Teaching the Arts is extremely beneficial to all students. Among the many benefits, students learn to think creatively, work collaboratively, and develop self-discipline and persevere. Creativity encourages critical thinking and communication. In fact, creativity is really embedded in every aspect of instruction. It is the creative element of any discipline that attracts students to expand their interests in a subject matter, such as adding an artistic element to a science fair project.
Creativity, within the context of an art class, always has broader implications. When we talk about the principles of design, we are talking about perspective. And our perspective influences how we look at life. When we talk about nuances in painting, for instance, we connect that to the nuances in life – the shading, the shadows, the grays because everything is not black or white. In addition to improving eye-to-hand coordination, painting is a form of communicating a message, a thought. How a student interprets a picture he/she is about to draw and paint develops critical thinking.

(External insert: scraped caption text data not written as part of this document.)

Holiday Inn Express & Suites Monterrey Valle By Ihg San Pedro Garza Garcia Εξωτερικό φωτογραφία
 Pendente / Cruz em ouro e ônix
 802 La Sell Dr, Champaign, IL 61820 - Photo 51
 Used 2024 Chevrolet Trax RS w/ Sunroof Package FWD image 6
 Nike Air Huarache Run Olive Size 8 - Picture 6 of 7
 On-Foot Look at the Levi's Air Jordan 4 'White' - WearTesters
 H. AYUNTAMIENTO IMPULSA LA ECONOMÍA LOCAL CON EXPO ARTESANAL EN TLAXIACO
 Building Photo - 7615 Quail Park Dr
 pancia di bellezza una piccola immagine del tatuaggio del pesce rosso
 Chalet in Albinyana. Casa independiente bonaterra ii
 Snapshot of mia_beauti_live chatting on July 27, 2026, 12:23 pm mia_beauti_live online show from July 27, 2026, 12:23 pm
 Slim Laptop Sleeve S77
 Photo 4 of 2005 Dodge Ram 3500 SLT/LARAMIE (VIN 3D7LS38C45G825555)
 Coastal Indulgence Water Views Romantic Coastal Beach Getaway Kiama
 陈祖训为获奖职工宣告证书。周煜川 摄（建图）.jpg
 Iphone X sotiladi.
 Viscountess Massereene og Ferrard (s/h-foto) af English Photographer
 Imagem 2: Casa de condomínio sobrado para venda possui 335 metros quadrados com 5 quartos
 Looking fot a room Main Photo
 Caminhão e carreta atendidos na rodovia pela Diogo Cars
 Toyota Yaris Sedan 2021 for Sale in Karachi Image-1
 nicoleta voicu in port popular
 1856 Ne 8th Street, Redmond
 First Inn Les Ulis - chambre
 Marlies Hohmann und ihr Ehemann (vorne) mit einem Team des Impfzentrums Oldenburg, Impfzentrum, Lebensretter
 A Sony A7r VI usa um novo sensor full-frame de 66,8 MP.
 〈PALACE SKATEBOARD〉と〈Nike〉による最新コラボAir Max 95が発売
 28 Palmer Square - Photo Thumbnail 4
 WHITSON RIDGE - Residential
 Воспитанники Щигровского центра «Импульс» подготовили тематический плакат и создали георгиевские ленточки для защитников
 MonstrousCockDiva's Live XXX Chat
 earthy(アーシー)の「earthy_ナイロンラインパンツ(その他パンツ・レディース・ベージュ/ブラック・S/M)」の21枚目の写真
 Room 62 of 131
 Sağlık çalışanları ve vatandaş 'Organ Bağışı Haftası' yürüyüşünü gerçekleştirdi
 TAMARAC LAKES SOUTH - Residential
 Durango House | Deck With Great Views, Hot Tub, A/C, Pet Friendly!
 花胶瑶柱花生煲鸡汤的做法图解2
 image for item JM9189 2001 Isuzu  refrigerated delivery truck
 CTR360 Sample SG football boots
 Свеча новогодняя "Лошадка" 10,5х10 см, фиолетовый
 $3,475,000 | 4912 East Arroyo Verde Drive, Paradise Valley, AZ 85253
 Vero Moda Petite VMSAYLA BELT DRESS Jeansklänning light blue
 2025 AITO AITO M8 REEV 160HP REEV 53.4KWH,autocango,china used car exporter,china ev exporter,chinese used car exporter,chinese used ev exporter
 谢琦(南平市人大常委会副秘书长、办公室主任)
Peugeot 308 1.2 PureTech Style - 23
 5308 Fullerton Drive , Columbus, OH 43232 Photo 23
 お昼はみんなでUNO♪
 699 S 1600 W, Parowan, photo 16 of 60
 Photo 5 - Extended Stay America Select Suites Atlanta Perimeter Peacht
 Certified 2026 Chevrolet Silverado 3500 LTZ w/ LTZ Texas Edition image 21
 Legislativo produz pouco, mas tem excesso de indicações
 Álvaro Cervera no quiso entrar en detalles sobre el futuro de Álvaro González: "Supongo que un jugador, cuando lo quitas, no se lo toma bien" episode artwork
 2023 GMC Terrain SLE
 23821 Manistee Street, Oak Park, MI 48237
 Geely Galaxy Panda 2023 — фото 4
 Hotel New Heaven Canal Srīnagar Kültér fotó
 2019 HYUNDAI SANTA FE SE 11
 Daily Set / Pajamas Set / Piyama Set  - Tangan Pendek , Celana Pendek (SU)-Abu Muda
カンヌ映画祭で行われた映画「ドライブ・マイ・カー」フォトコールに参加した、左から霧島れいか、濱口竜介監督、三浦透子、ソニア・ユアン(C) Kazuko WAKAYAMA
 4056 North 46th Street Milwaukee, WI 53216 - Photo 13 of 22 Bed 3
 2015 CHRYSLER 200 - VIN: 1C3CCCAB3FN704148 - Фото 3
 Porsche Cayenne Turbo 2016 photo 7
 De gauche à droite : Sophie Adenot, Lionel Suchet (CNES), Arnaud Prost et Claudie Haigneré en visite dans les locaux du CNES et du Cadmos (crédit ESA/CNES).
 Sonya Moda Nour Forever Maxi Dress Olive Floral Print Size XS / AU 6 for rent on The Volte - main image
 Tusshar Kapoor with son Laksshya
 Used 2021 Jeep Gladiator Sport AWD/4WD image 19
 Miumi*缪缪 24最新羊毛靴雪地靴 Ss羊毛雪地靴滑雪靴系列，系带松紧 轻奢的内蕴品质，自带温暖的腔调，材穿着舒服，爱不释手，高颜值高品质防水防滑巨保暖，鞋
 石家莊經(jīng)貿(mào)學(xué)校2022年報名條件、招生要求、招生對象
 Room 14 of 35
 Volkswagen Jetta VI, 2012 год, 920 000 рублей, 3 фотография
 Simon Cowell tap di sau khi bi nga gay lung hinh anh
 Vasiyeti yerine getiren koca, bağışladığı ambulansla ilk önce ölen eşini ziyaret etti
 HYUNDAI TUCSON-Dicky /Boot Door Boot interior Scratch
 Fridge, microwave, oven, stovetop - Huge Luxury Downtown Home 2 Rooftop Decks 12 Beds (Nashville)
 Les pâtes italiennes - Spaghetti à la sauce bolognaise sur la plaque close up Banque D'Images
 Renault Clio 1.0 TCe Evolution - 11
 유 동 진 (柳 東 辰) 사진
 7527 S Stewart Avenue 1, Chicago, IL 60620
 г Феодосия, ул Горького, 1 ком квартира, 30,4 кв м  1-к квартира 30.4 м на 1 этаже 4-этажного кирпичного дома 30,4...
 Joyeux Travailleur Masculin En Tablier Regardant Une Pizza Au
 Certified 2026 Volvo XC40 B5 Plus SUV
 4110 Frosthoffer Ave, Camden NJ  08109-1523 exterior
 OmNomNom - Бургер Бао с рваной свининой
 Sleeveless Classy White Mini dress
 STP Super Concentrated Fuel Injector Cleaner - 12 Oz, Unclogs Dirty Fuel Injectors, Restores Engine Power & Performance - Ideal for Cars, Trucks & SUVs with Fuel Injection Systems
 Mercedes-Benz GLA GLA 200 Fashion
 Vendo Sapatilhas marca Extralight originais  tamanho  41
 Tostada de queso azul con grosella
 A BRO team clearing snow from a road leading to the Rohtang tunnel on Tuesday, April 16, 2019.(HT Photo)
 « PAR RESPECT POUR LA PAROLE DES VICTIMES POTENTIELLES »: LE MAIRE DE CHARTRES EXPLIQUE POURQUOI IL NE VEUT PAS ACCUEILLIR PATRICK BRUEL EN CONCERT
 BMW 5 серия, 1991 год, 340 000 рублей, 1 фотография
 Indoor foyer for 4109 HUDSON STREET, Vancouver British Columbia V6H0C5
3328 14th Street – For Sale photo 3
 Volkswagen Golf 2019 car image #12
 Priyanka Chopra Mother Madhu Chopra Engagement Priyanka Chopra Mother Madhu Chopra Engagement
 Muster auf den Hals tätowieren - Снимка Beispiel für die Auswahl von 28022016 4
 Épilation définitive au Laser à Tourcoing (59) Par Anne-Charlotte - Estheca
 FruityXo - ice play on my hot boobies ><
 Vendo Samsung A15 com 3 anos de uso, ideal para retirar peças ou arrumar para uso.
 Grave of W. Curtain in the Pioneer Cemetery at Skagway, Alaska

Listen to young children sing. Look at their joy, for those who sound angelic and for those who can barely carry a tune. Listen to the students who come to school only speaking another language as they sing in English, another way to develop their proficiency. There are many, many examples of how this exposure benefits students because arts education can transform lives and futures. TIS strongly supports Arts education and students at all levels are benefiting.
My name is Shelly Smith-Dale. I have been teaching in the Arts for over 35 years. I have taught in Canada, Malaysia, Bali and now Macao. I am fortunate to be filling the position of Arts Coordinator at TIS, with the intention of highlighting all the wonderful arts at this school.